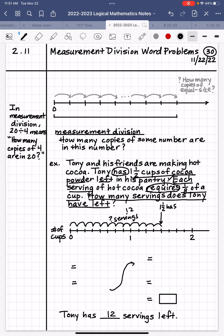Now, you don't want to always have to draw a number line. So it's helpful to know that whatever you're trying to find how many of — that's your divisor, because that's what's going to multiply to give you the other number. We ask: how many servings? Each serving is worth 1⅛ of a cup, so we're dividing by 1⅛. What number is being divided? 1½. So let's write: 1½ divided by 1⅛. When we're dividing mixed numbers, we always want to write them as fractions. So that becomes 3⁄2 divided by 1⁄8.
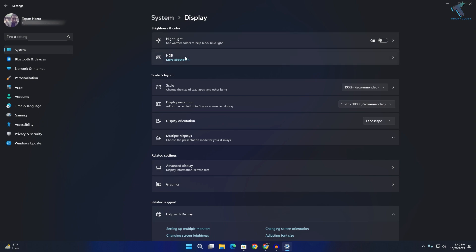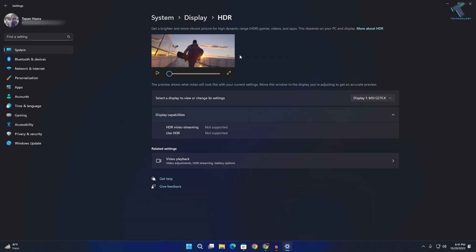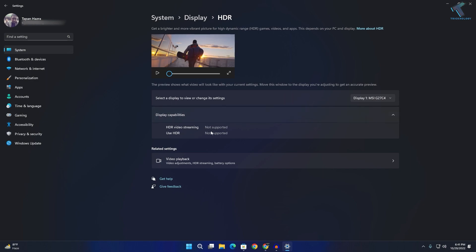After that, you'll see an HDR option here, so click on that. As you can see, in my case it's showing as not supported, but in your case it will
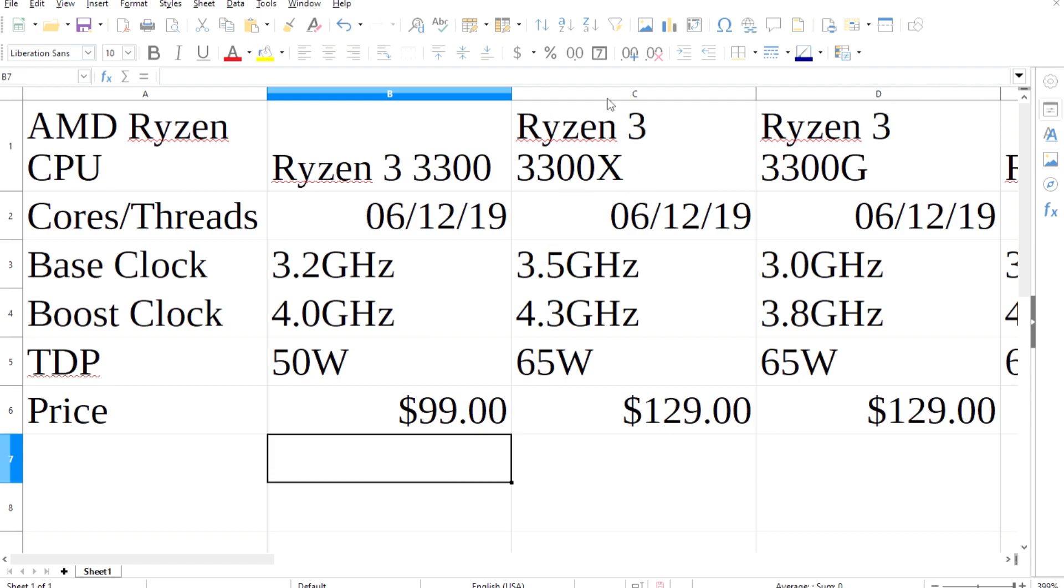Next up, the 3300X packs another 6 cores and 12 threads, with a higher 3.5GHz base and 4.3GHz boost. That boost in speed also increases the TDP to 65W.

Task requirements: Leave the pictures out, and reproduce only the lines from the line holding "After that, you'll" through the last line of the material, both included.

Answer box:
After that, you'll see an HDR option here, so click on that. As you can see, in my case it's showing as not supported, but in your case it will
Next up, the 3300X packs another 6 cores and 12 threads, with a higher 3.5GHz base and 4.3GHz boost. That boost in speed also increases the TDP to 65W.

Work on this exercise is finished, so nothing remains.